Rose Butler presents at Improvising Care Conference – McGill/Montreal, October 5–9 2024

Chausseeestrasse; digital composite panorama, 4m x 1.2m

Improvising CareMcGill University, Montreal, Canada, 5-9th October as part of Flux experimental music festival, Arts in the Margins, Montreal.

“In a democratic society art should be the location where everyone can witness the joy, pleasure, and power that emerges when there is freedom of expression….” bell hooks, “Workers for Artistic freedom”
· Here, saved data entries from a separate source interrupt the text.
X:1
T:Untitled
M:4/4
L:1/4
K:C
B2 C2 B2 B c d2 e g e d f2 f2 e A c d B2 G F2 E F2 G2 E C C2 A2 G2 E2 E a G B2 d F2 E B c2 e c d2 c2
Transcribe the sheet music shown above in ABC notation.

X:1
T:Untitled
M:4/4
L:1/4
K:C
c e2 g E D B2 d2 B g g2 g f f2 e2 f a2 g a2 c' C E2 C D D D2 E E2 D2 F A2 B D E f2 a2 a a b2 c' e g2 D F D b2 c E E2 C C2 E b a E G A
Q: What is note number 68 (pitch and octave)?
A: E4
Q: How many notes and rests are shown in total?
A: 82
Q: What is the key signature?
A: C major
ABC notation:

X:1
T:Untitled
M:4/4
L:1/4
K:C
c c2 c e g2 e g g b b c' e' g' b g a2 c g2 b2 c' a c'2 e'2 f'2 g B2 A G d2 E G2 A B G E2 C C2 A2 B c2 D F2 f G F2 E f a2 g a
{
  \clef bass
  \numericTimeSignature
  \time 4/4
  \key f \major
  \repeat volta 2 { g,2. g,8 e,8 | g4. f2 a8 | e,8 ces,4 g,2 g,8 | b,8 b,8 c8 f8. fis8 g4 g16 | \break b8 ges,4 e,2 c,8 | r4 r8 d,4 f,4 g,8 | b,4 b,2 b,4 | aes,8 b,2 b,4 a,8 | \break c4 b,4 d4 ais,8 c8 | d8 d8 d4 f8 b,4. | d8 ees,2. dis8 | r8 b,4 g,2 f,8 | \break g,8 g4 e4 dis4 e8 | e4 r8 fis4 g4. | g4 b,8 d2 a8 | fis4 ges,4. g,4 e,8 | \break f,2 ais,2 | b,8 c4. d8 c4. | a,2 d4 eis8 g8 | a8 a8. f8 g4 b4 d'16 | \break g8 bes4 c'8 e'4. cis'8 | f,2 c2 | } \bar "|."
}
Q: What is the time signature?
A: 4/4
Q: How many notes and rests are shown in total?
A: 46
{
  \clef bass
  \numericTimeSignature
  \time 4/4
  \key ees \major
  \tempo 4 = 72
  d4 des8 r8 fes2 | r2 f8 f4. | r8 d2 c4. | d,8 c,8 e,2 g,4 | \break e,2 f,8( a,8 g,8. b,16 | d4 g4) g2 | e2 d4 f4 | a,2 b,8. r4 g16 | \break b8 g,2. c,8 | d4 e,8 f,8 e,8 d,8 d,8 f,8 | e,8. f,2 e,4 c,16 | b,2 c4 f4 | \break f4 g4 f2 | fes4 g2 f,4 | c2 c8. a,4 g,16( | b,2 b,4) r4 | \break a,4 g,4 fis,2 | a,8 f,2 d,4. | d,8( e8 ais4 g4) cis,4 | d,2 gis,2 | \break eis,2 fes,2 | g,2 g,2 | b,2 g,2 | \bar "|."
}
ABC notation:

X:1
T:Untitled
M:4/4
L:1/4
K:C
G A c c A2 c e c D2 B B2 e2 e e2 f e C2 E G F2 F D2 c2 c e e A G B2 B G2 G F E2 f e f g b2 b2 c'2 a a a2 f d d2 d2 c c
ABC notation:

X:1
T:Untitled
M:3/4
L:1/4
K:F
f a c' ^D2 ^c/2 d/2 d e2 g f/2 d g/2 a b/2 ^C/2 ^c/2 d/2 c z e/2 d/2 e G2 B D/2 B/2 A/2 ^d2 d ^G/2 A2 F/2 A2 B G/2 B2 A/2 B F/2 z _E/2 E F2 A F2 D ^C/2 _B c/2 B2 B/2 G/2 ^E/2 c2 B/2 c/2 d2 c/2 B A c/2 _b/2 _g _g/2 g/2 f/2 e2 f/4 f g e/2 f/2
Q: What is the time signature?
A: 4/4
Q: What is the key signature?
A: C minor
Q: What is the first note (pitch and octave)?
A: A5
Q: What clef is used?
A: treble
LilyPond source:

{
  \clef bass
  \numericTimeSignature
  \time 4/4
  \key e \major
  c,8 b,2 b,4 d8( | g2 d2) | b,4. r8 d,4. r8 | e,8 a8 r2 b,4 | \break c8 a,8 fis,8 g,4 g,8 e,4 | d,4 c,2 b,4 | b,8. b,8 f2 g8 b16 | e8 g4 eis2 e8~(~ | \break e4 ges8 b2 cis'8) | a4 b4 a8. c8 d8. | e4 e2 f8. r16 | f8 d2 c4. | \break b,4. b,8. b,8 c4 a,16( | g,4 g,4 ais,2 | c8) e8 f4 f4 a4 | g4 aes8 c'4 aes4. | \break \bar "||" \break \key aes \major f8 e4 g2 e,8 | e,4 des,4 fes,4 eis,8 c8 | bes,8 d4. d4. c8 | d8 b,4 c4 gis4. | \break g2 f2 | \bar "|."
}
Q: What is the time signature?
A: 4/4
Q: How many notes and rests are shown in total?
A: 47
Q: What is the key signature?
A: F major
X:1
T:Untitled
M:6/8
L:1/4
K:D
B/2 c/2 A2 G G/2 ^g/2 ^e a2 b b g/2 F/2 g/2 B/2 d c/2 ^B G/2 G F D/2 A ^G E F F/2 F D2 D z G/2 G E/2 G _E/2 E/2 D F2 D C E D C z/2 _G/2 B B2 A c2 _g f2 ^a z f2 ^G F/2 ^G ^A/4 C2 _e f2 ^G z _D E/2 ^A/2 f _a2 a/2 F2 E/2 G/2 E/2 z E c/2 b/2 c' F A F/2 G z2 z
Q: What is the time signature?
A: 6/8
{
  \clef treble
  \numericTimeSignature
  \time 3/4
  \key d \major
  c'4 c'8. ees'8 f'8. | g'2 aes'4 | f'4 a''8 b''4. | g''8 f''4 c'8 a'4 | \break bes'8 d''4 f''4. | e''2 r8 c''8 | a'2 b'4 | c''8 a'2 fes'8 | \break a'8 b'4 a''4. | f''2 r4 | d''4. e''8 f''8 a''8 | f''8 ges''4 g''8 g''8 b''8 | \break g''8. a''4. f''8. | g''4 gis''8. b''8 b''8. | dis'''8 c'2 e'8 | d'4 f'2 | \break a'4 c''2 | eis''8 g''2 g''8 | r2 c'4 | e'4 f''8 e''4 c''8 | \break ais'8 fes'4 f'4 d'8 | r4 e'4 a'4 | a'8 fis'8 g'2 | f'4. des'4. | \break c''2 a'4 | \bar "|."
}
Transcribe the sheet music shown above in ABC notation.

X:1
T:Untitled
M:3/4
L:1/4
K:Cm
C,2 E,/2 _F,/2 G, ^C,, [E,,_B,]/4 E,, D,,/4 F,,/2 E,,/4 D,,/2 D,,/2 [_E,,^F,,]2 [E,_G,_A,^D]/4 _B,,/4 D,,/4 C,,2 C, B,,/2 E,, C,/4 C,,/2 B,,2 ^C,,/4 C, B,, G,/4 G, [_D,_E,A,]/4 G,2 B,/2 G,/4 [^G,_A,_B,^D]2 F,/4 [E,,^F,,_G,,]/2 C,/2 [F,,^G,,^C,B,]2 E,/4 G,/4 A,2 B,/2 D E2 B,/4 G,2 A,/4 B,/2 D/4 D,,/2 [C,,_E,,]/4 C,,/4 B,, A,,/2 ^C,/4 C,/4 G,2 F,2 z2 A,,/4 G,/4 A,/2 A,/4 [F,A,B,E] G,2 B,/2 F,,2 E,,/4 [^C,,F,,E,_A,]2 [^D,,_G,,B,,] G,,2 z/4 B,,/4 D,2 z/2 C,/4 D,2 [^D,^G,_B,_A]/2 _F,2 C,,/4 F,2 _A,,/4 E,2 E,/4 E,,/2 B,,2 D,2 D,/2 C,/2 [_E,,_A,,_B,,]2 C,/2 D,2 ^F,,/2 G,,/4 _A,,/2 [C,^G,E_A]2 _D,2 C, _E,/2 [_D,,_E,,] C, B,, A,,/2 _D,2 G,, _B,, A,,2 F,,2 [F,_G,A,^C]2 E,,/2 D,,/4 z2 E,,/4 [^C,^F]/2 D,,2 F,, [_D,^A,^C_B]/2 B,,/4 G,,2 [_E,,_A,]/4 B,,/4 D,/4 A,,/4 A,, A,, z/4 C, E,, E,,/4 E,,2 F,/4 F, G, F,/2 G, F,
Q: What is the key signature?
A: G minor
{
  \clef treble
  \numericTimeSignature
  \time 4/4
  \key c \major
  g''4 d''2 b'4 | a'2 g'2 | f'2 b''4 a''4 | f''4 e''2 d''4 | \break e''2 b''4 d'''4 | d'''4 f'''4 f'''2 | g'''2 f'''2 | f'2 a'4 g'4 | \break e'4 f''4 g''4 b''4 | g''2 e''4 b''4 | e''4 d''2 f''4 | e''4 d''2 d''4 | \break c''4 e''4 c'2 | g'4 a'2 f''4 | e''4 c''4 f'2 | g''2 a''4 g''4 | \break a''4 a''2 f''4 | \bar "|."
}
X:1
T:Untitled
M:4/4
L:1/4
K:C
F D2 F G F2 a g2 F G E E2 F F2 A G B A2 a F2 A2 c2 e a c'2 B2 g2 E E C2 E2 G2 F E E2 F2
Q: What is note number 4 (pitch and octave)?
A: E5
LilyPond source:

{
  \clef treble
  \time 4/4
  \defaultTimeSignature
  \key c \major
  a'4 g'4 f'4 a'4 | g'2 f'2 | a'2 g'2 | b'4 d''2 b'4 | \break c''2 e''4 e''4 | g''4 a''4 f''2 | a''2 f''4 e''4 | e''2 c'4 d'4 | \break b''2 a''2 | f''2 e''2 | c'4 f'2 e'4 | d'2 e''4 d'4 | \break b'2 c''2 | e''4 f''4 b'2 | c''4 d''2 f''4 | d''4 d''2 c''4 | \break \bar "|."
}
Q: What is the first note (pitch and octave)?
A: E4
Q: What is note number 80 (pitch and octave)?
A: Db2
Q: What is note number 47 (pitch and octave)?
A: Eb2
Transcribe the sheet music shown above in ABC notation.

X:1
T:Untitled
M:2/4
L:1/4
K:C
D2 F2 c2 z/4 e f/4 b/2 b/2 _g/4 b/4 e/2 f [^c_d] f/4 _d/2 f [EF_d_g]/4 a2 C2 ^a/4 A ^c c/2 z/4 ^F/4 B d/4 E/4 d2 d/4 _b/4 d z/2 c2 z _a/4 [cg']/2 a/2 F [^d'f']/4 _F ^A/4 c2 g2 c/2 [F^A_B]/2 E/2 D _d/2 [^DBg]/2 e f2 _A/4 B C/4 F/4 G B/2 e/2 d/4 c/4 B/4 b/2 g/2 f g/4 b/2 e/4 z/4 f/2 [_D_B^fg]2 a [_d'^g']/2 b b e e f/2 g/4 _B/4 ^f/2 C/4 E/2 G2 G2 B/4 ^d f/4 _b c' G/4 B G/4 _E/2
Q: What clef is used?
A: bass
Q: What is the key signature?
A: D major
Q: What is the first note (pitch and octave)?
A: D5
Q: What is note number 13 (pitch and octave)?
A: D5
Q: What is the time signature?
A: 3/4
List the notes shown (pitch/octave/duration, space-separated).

“Healing can occur . . . when one’s inner experience is made manifest and accepted by others.” Pauline Oliveros, Sonic Meditations

Recent history, from COVID through climate change, massive displacements of people, a worrying increase in various forms of totalitarianism, unjust wars (are there any other kinds?) the rapid rise of neo-liberalism (one can easily multiply this list) has both placed a greater focus on, and need for, care, and at the same time radically reduced the structures from which care often operates. As traditional institutions of care are denuded of resources, and governments implement policies that make care simultaneously more difficult to enact, yet that much more needed, it is fair to say we are facing a crisis of care. How can art and artists implement care in their practices? How should society care for artists, and artists for each other, and how can art itself be a tool for care and how should artists interact with communities in caring ways? Given improvisation’s ability to creatively and imaginatively find ways to modify existing structures, subvert norms and implement new forms of sociality, do we perhaps now more than ever need to improvise new models of care?